Imprudencias eclesiales
Gracias a Dios, conozco un gran número de sacerdotes buenos, sabios, llenos de celo, piadosos y bien formados, e incluso algunos a los que me atrevería a considerar cercanos a la santidad. También he conocido a otros bastante menos ejemplares, claro y, aunque resultan mucho menos interesantes, creo que podría ser buena idea dedicar un breve post a un tipo de ellos en particular: los clérigos imprudentes.

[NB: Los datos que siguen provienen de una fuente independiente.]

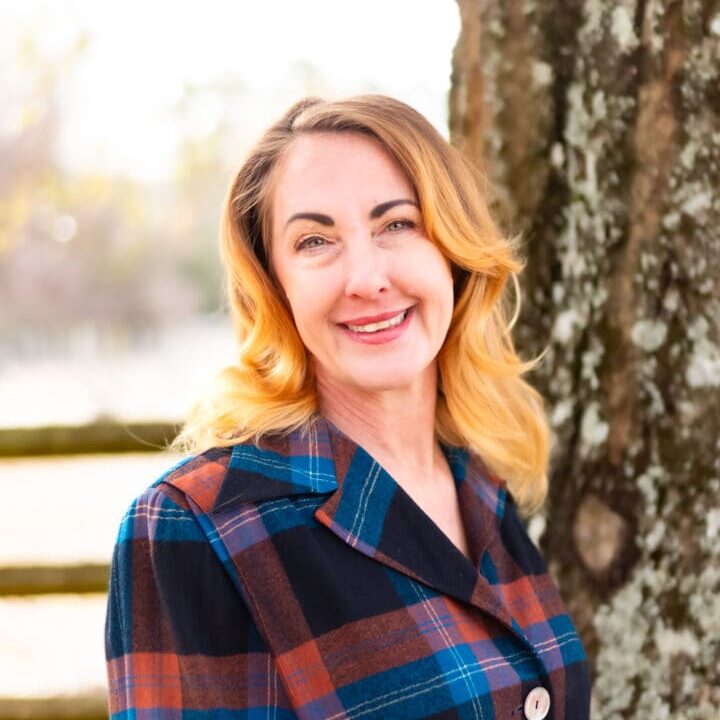 A woman in plaid shirt standing next to tree.
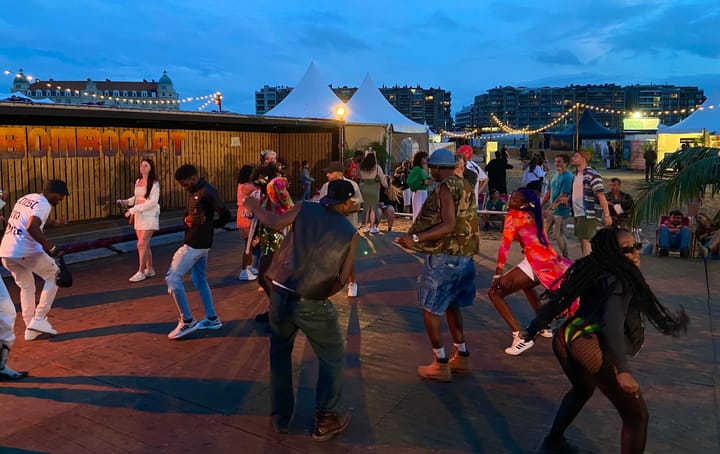 People dancing outside on a wooden floor at a festival on a beach in the evening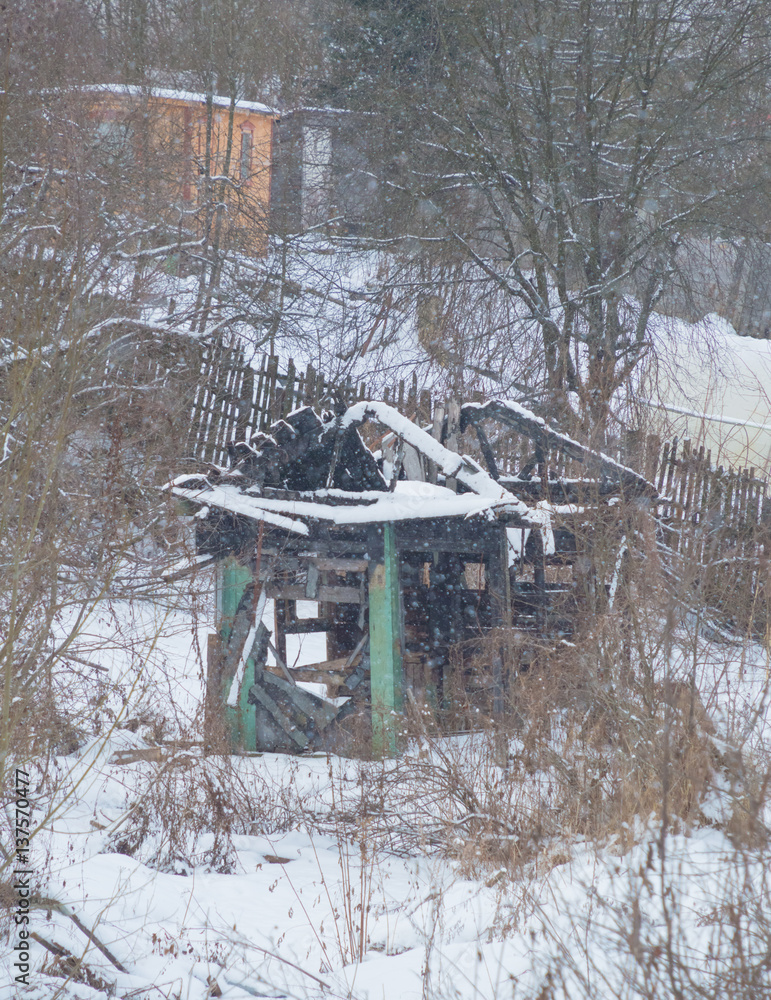 the house burned in the winter in the village. the house burned in the winter in the village.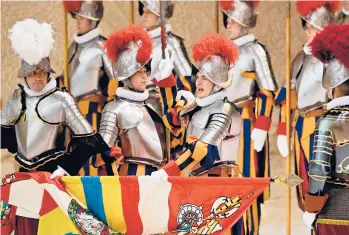  ?? ANDREAS SOLARO/GETTY-AFP ?? A Swiss Guard recruit, second from right, holds the Swiss Guard flag during a swearing-in ceremony Friday at the Vatican. This year, 36 recruits were added to the world’s oldest military unit. The ceremony is held annually on May 6 to commemorat­e the deaths of 147 comrades as they protected Pope Clement VII in 1527.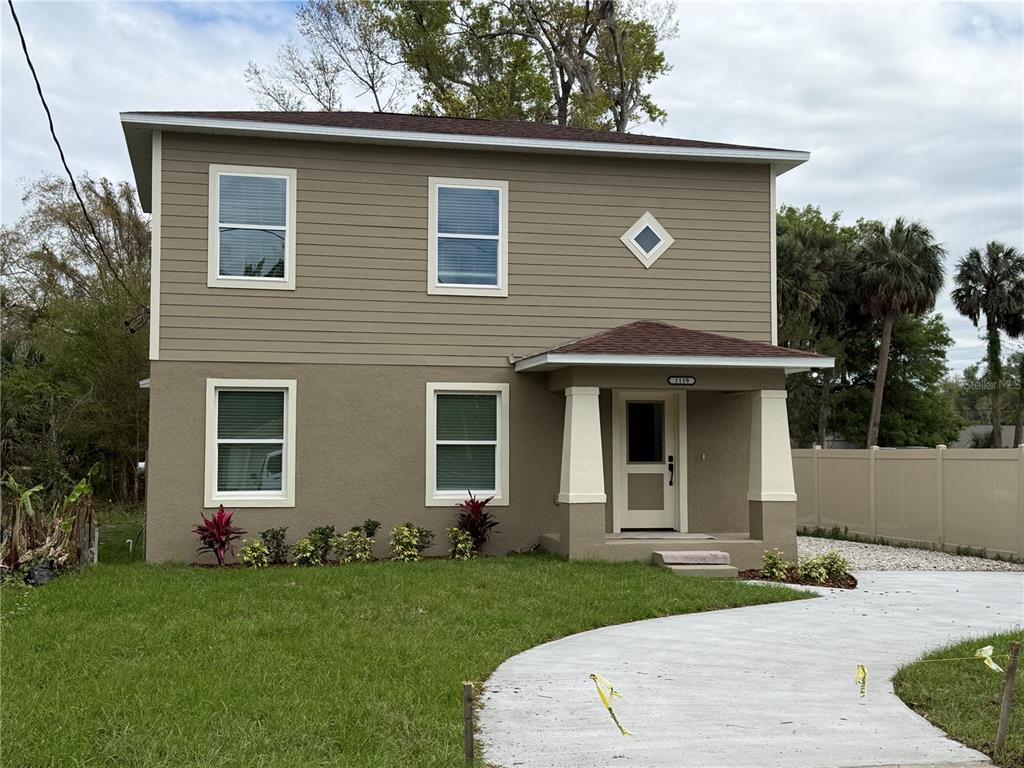 A two-story house with tan siding and stucco, a front porch, and a concrete driveway — 1119 WILLOW AVENUE, SANFORD, FL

Cualquiera que tenga una cierta experiencia de la vida eclesial sabe que los clérigos más imprudentes y narcisistas siempre son los que quieren salir en los medios a pesar de ser unos bocazas cuya única habilidad es la de parlotear incesantemente sin pensar lo que dicen; los que están deseando ser exorcistas cuando el demonio les engaña todos los días en cosas de principiante; los que quieren a toda costa mandar a pesar de que no saben obedecer; los que se empeñan en pontificar sobre altas teologías aunque ni siquiera conocen bien el catecismo, y los que quieren dedicarse a hablar del éxtasis místico sin haber llegado a comprender la ascesis personal más básica. Es decir, siempre los menos indicados para hacer todas esas cosas.
Tradicionalmente, la Iglesia, como sabia Madre y Maestra, les indicaba con cariño que era mejor que se dedicaran a otras cuestiones al alcance de sus capacidades y así eran más felices, daban más gloria a Dios y, sobre todo, no hacían daño a los fieles. Como es lógico, siempre se escapaban algunos, que se obstinaban y al final conseguían lo que creían que querían, con consecuencias generalmente desastrosas para los que estaban alrededor y sobre todo para el propio interesado. No obstante, en general había una especie de sabiduría institucional acumulada en la Iglesia que ponía coto a las imprudencias más grandes.